Change is coming for private market investing in terms of how
mass-affluent and high net worth individuals can secure a piece
of the action, investments titan Blackstone says.
A word investors will hear more about is “perpetual” – a term
describing a structure of funds that doesn’t come with the
drawdowns, capital calls, exit deadlines and other traditional
features of private market entities. These “perps” don’t carry
the kind of liquidity constraints that might be a problem for
investors in more established fund structures, the firm said in a
briefing to journalists in London.
One of the world’s largest players in fields such as private
equity, credit, real estate and other non-traditional areas,
Blackstone speaks with the force of a business which oversaw
a total of $730.7 billion at the end of September, a figure that
rose by 25 per cent from a year ago. Having recently opened
offices in Zurich and Paris, it has widened its footprint.
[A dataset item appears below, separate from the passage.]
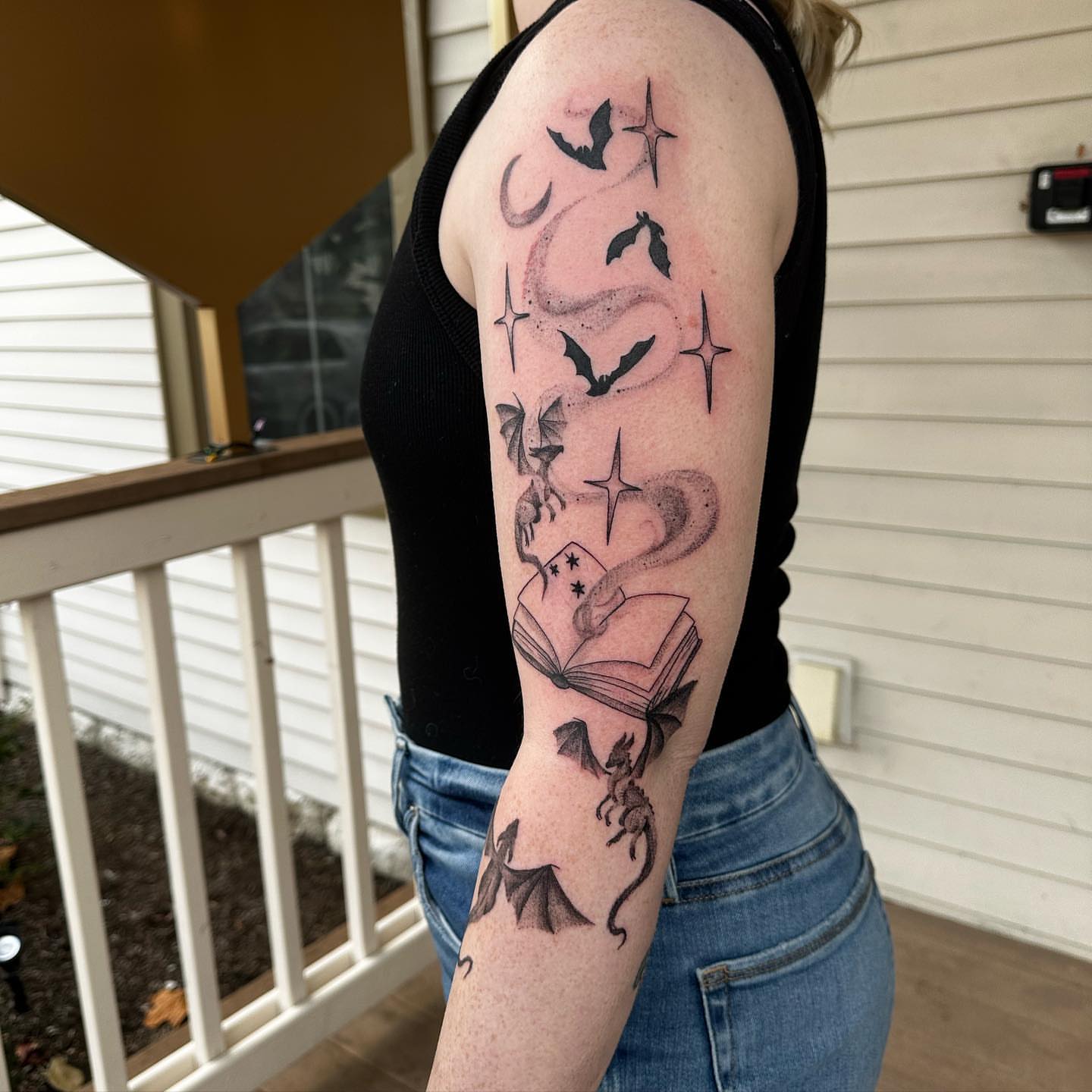 Book and dragon black and grey tattoo on the forearm by manda, Lebanon, Ohio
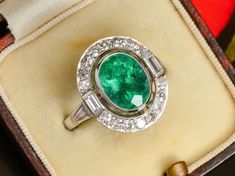 Grassy green and undertones of blue punctuate this vision of an Art Deco inspired diamond ring. A large oval, faceted emerald of 2.56 carats exudes saturated hues and at its depth, bright highlights. It is bezel set, then after an airy opening, encircled by brilliant diamonds.  Not only are single-cut diamonds utilized, but two rectangular baguettes and two tapered baguettes touch off each shoulder.  A handmade basket weave under-gallery allows light to penetrate in order to bring out the best of the stones.  We dare you to compare prices for anything similar for this ring's quality, size, and attributes! Details: One oval faceted natural emerald Weight of 2.56 carats Twenty diamonds Total weight of .84 carats Color G-H for baguettes Clarity VS Color H-I for single cuts Clarity VS2-SI1, tw Oval Hallmarked Emerald Ring In Platinum, Hallmarked Oval Emerald Ring In Platinum, Gia Certified Oval Emerald Ring In Art Deco Style, Art Deco Oval Emerald Ring With Brilliant Cut, Green Oval Emerald Ring In Platinum, Platinum Oval Emerald Ring With 17 Jewels, Oval Platinum Emerald Ring With 17 Jewels, White Gold Oval Emerald Ring Art Deco Style, Art Deco Oval Jewelry With Halo Setting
Within the $730.7 billion AuM figure, $166 billion is in the
private wealth segment of Blackstone.
More than a quarter of Blackstone's fee-earning assets under
management are perpetual (as at the end of 2020). And, in this
week’s briefing, Joan Solotar, global head of private wealth
solutions, said that the shift to perpetual structures was a “big
change in fundraising."
Once a distribution partner on-boards a perpetual fund it can sit
on that platform, so the relationship managers can continue to
allocate to the fund, either for current clients who want to
invest more or for additional clients, Solotar
said.
Blackstone’s offerings of unlisted Real Estate Investment Trusts
(REITs) and private credit, for example, have perpetual
structures. Given the return characteristics of these asset
classes, they’re attractive in times of concerns about inflation
and interest rates, she said.
The Blackstone Real Estate Income Trust, the group's retail
investor-themed non-traded REIT, for example, chalked up net
internal rates of return of 9 per cent through the first quarter,
up from 6 per cent, a year ago (source: PERE, 27 April
2021).
On liquidity, Blackstone’s perpetual fund allows 2 per cent to a
maximum of 5 per cent of the fund’s value to be liquidated per
quarter.
Subject to terms, individual fundholders can redeem all of their
holdings. And these are well suited to the mass-affluent segment,
with minimum investment ticket sizes of $25,000 – way below the
much larger minimums that private equity, credit and other
non-public funds often ask for. “Perpetual funds are fully
invested…there are no capital calls or a 'cash drag,’” Solotar
said. With conventional fixed income offering meagre/zero
returns, the type of funds Blackstone is offering are filling the
space for people seeking to match liabilities and achieve
yield.
“This is a real change in how people will access alternative
funds,” she said. The change will not just be a temporary feature
of the business cycle but part of a more deep-seated structural
change, she said.
The change also comes as questions have to be asked as to why
long-term savers across the wealth spectrum should want
daily liquidity for 100 per cent of their assets, Solotar
added.
Stress and sectors
When Solotar was asked to describe the type of business sectors
that appeal to her investment colleagues, she gave examples such
as e-commerce and firms benefiting from the digitalisation
trend.
“The firm has repositioned our portfolio to a rising rate
environment to more growth-orientated companies….they tend to
have less leverage and have [good] top-line potential,” she said.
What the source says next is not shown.